Inform your family about virtual kidnapping as well, so they can be aware of the scheme in the instance they do get a phone call for ransom. That way they won’t fork over their life savings while you’re unreachable on a diving trip.

Dangerous waves on Divorce Beach in Cabo San Lucas, Mexico

Do not be deceived – that wave in the distance on Divorce Beach is monstrous.
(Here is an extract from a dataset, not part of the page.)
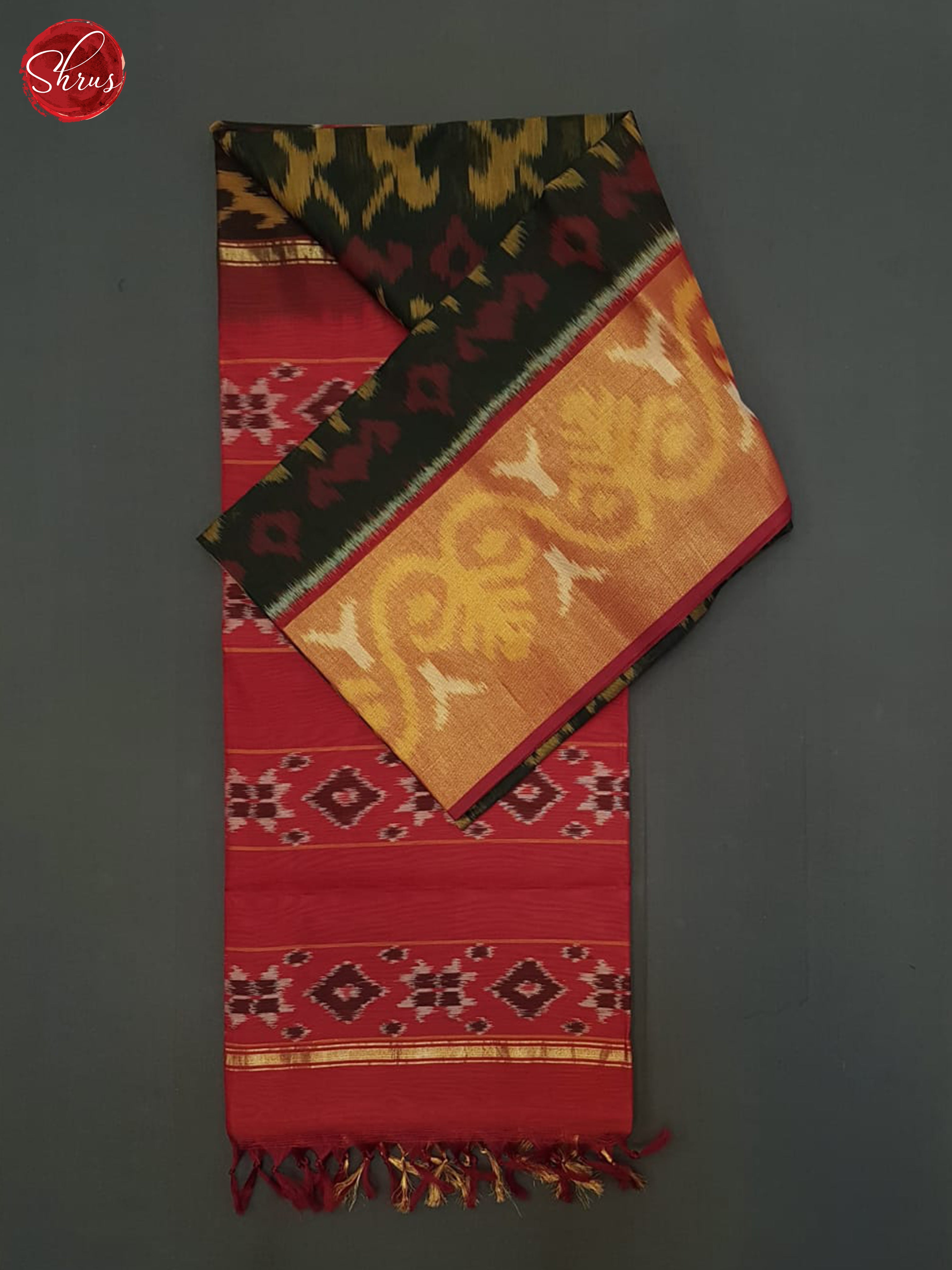 Blackish Green And Red- pochampally Silk Cotton Saree - Shop on ShrusEternity.com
The riptides will tear us from shore.

My misguided perception believed that all the water surrounding Cabo is dangerous. Really, it seems like the Sea of Cortez is fine to play in (this is where all the resorts/bars/restaurants are) and the Pacific Ocean on the other side is where you need to exercise serious caution. Reading tales like this or this on the internet is alarming and proves that nature’s wrath is merciless.

When visiting Divorce Beach, we kept our distance from the water and carefully watched the swell of the ocean in case of a rogue wave. I know, it isn’t adventurous to stay safe on shore, but I do enjoy my life and find that the older I grow, the less reckless my mindset. Standing on that beach and observing the power of the ocean is humbling. Learn about what you can do in case you get caught in a riptide. Ask for advice from the locals about the environment.


Being an aware tourist is the best way to handle all travels, but especially when visiting a place where you have apprehensions. We had a really nice experience (and I think someone rethought his stereotypes), but that doesn’t mean everyone has the same experience as us. Always travel with respect and caution and be mindful of the dangers you can encounter wherever you go.  Do you research before you depart. Chat with locals & hotel workers after you arrive. Use your street smarts. Trust your gut.

I hope I can return one day and explore more of Mexico.